September 30, 2013

9/26/13 - Heartland Big Country Factory Tour

Finally!  After living in hotels for almost two weeks, we got a call that we could pick up our house-on-wheels from the RV service center in Elkhart.  But first I wanted a tour the Heartland RV Factory, where our Big Country 5th wheel was made.  That's the reason we went to Indiana in the first place.  Having the repair work done by RV Capital Service Center in Elkhart was an afterthought--and not a good thought, after all.

Heartland gives free tours Tuesday to Thursday at 3:00 PM.  When I called for reservations, they asked which plant we wanted to tour so we could see 5th wheels like our own.  We were the only people on our tour, so it was about as personalized as you can get.  The guy who gave us the tour was in Marketing, but there was absolutely no high pressure to buy the latest, greatest model.

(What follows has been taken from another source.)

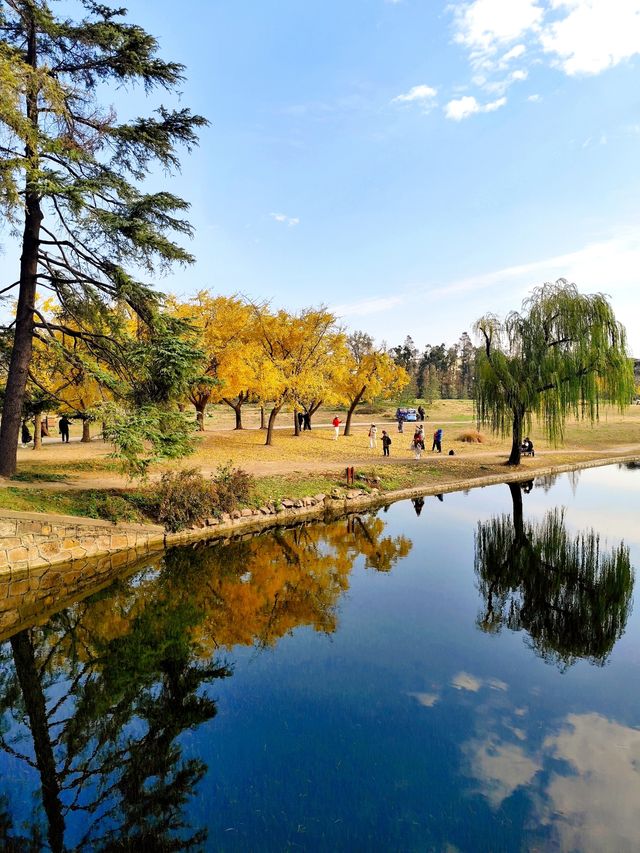 赴約不一樣的秋天|共青松濤幽谷遇見金色銀杏 赴約不一樣的秋天|共青松濤幽谷遇見金色銀杏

I expected an assembly line, like we saw in the Corvette or Harley-Davidson plants.  I also expected to see people assembling the RV's.  I was wrong on both counts.  I guess they schedule the tours after the workers go home so the visitors don't distract them.  He told us they arrive about 5 am.  (I'm sooo glad I don't have to do that kind of stuff anymore!)  We headed out through the warehouse to where they start building each trailer from the frame up.
Because they make a whole lot fewer trailers than they do cars, the factory doesn't have the robotic assembly car manufacturers have.  (I keep reminding myself:  "It's not a Corvette.  It's not a Corvette...") I don't think this thing counts.  Our tour guide told us what it is--I can't remember what he called it, but since it flips the frame upside-down so they can get to the bottom of the frame easier, I just call it a "frame flipper".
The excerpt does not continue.